Comcast’s Own Data-Sipping Strategy
What’s really odd about Comcast’s attitude towards this, is that calibrating market offerings of a limited-capacity service to maximize appeal to low-data users is a tactic Comcast should easily recognize. After all, it’s precisely the tactic Comcast itself, along with Charter (CHTR) is using in wireless. Xfinity Mobile and Spectrum Mobile are just about the last major services employing the old “throttle everything” approach, where once a subscriber exceeds a given data allowance on their Unlimited plan – they’ve settled on 20 GB for now – all data usage is throttled even when the tower is not congested. This is almost certainly because as resellers of Verizon’s capacity, they don’t actually own the towers in question and are being charged on a per GB basis.
And yet, they are succeeding. One of the few major industry questions that former T-Mobile CEO John Legere got wrong as he built the Un-Carrier was his prediction in 2017 that cable companies foray into wireless would be brief and they would retreat when they realized how expensive a service without owner economics would be. But Comcast/Charter compensated for that by designing their plans specifically for low-usage data sippers, and managed to attract millions of them with no sign so far that their momentum is slowing.
This is not to say that Comcast, and Charter, will never need to build out their own wireless networks – industry analysts almost universally agree they eventually will if they want to make wireless a permanently strong part of their offering. But riding on Verizon’s network and calibrating offerings in the early stages of the process allowed them to avoid the massive red ink a new wireless network would normally incur in the early stages of the process.
That will be increasingly important going forward as continued pressure on broadband margins reduces cash flow. It’s not yet clear if the companies will coast – taking the free cash flow they can get by underpricing unlimited data plans from the Big Three to data sippers and pocketing the difference – or run wireless at break even for a while as they funnel profits from it back into the build out of their own owned and operated wireless network.

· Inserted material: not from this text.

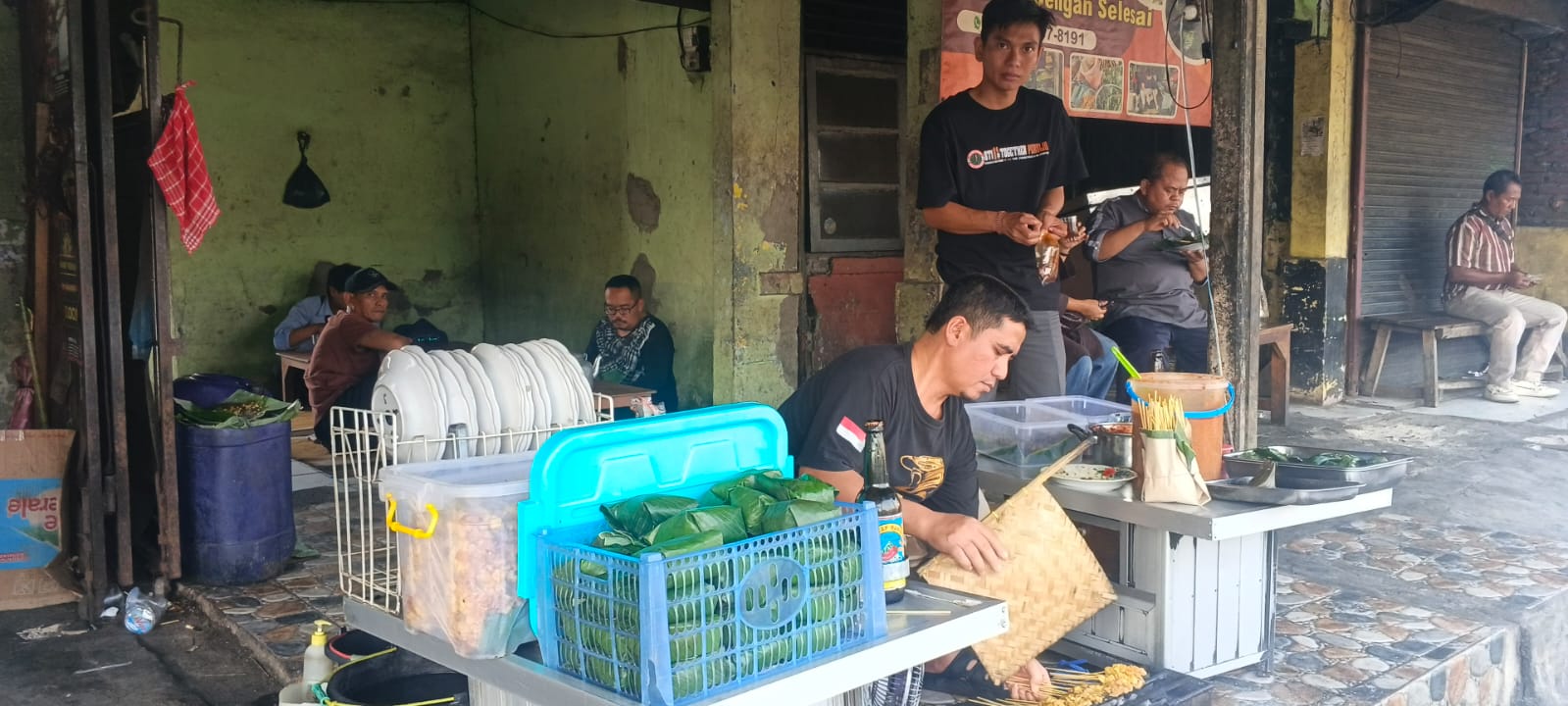 Sate Maranggi Rp1.000 di Bawah Flyover Cikampek, Warung Tua Ini Masih Ramai Didatangi Pembeli dari Luar Kota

On the other hand coasting would definitely preserve margins as the broadband competition I expect to continue whittles away at the wireline division’s free cash flow. But Comcast will never become a major wireless power that way, so it would be capping its upside.
Key Points Synopsis
I do not agree that T-Mobile and Verizon are doomed to fall off as their networks fill up with the same data guzzlers in the same proportions as Comcast and Charter serve. It’s true that wireless will always have less capacity – and more ubiquity – than wireline service, but that’s just another reason for wireless carriers to calibrate their offerings to those who cost less to service because they use less. T-Mobile and Verizon continue to have considerable upside from fixed wireless.

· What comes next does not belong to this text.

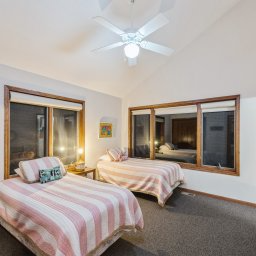 640 Northbrook Drive - Photo 4 of 17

That same argument, however, seems to cut in favor of Comcast when it comes to wireless service, which it can continue to gradually expand until there is enough cash flow in wireless to support a major push into network construction and give Comcast owner economics in its wireless division.
It’s also worth noting that AT&T’s decision to essentially sit out the fixed wireless broadband market, employing only as a limited tool in limited markets, will look even more foolish than it already does if it turns out the potential market is much larger than currently projected.
Comcast seems likely to continue to suffer pricing power and profit declines in its broadband division. However, the picture for its NBCUniversal content division and its wireless offering seems considerably more positive. For now, I’m rating it a Hold.
Disclosure: I/we have a beneficial long position in the shares of TMUS either through stock ownership, options, or other derivatives. I wrote this article myself, and it expresses my own opinions. I am not receiving compensation for it (other than from Seeking Alpha). I have no business relationship with any company whose stock is mentioned in this article.